### [What the task requires]
Beginning at the line containing "Her Yönüyle her", repeat each line below exactly up to and including the line containing "HUGE, LODGE-STYLE GRAY/BLACK/WHITE". Do not repeat the pictures.

╭─ Supplied entries

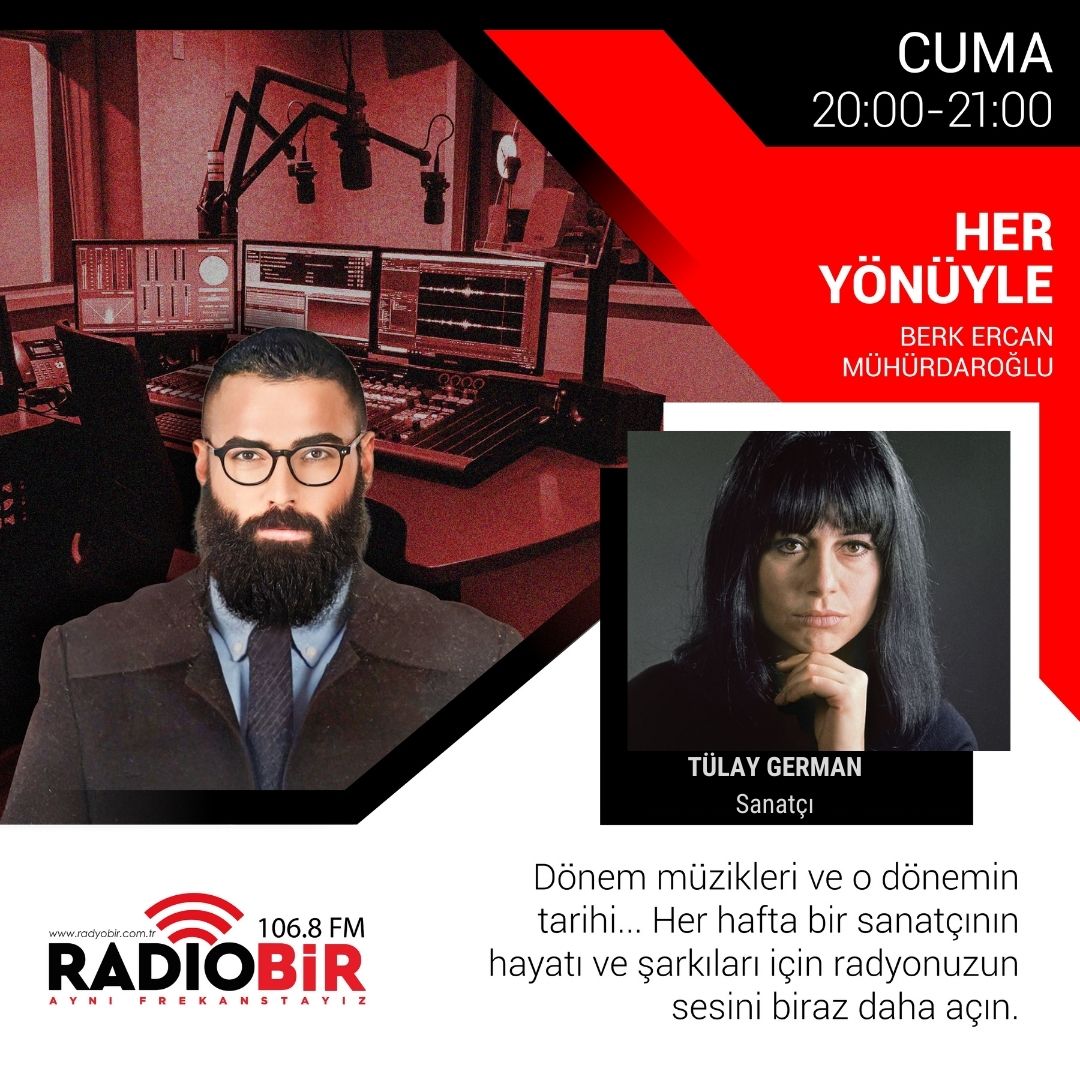 RadyoBircomtr's tweet photo. Berk Ercan Mühürdaroğlu'nun hazırlayıp sunduğu Her Yönüyle programının bu haftaki konusu Sanatçı Tülay German olacak.
Her Yönüyle her cuma saat 20.00'da RadyoBir'de.
#radyobir #radyobircomtr #heryönüyle #berkercanmühürdaroğlu #soylesi #konuk #TülayGerman https://t.co/BVe69Uytn1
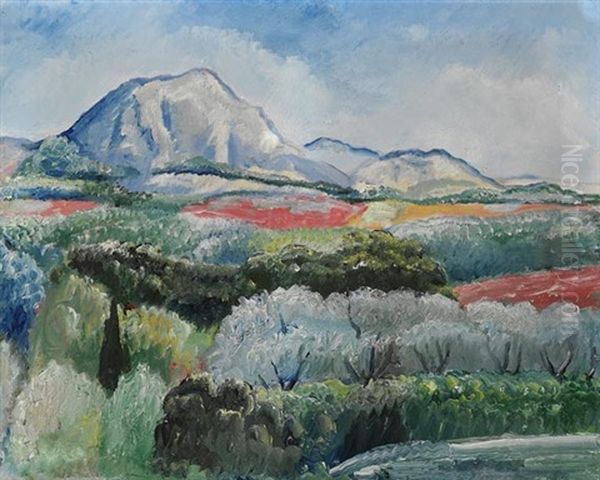 Landschaft In Der Provence (mont Sainte Victoire) Oil Painting by Paul Kleinschmidt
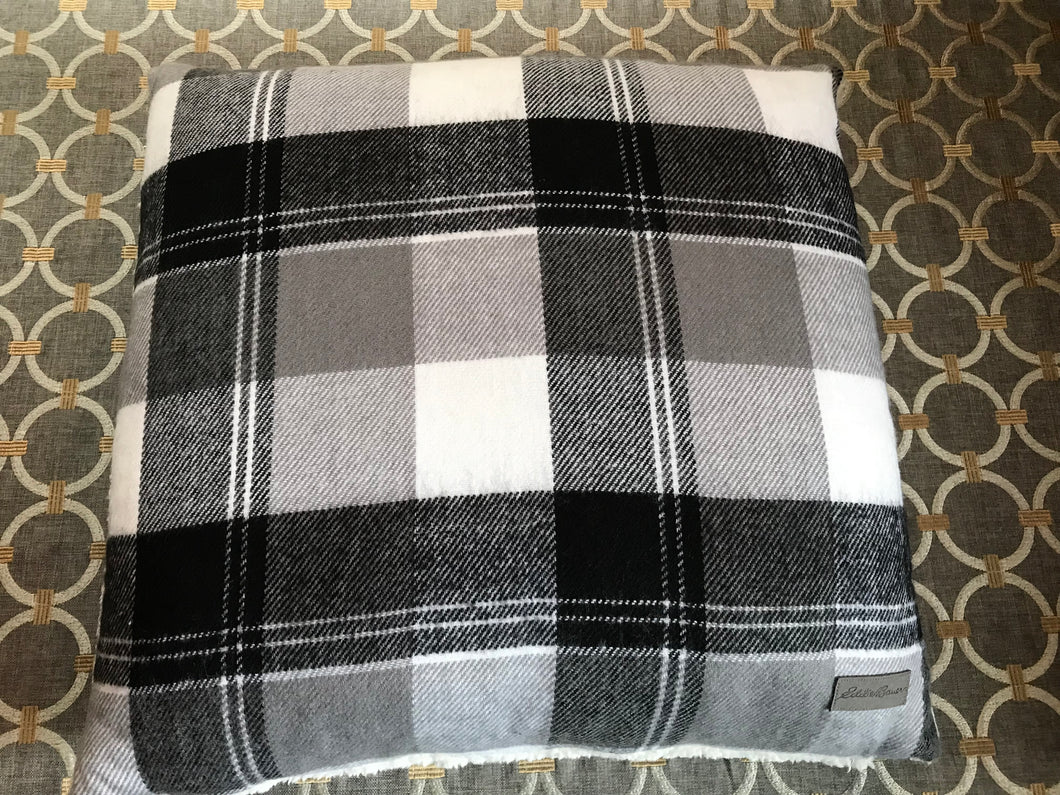 HUGE, LODGE-STYLE GRAY/BLACK/WHITE PLAID WITH FLEECE BACK THROW PILLOW (EDDIE BAUER)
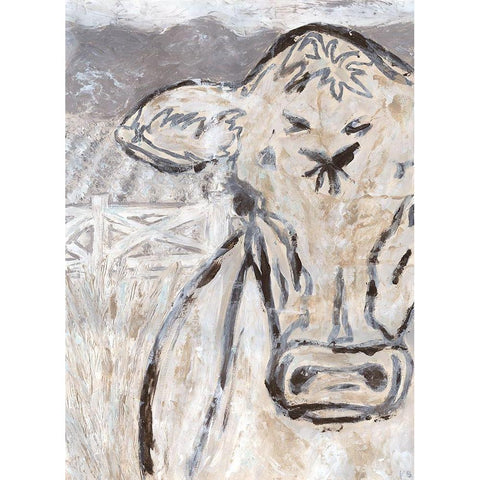 Farm Sketch Cow Gold Ornate Wood Framed Art Print with Double Matting by Bryan, Kathleen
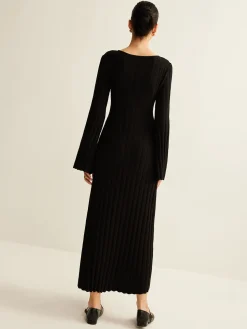 COMMENSE Cutout Soft Sweater Dress* Black Dresses|Sweater Dresses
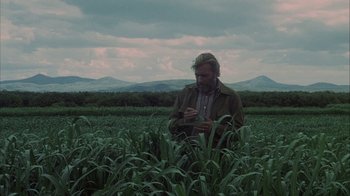 Movie still from “Phase IV” (1974), directed by Saul Bass – A man standing in the middle of an open field; Medium shot, Low angle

╰─

### [Task response]
Her Yönüyle her cuma saat 20.00'da RadyoBir'de.
#radyobir #radyobircomtr #heryönüyle #berkercanmühürdaroğlu #soylesi #konuk #TülayGerman https://t.co/BVe69Uytn1
 Landschaft In Der Provence (mont Sainte Victoire) Oil Painting by Paul Kleinschmidt
 HUGE, LODGE-STYLE GRAY/BLACK/WHITE PLAID WITH FLEECE BACK THROW PILLOW (EDDIE BAUER)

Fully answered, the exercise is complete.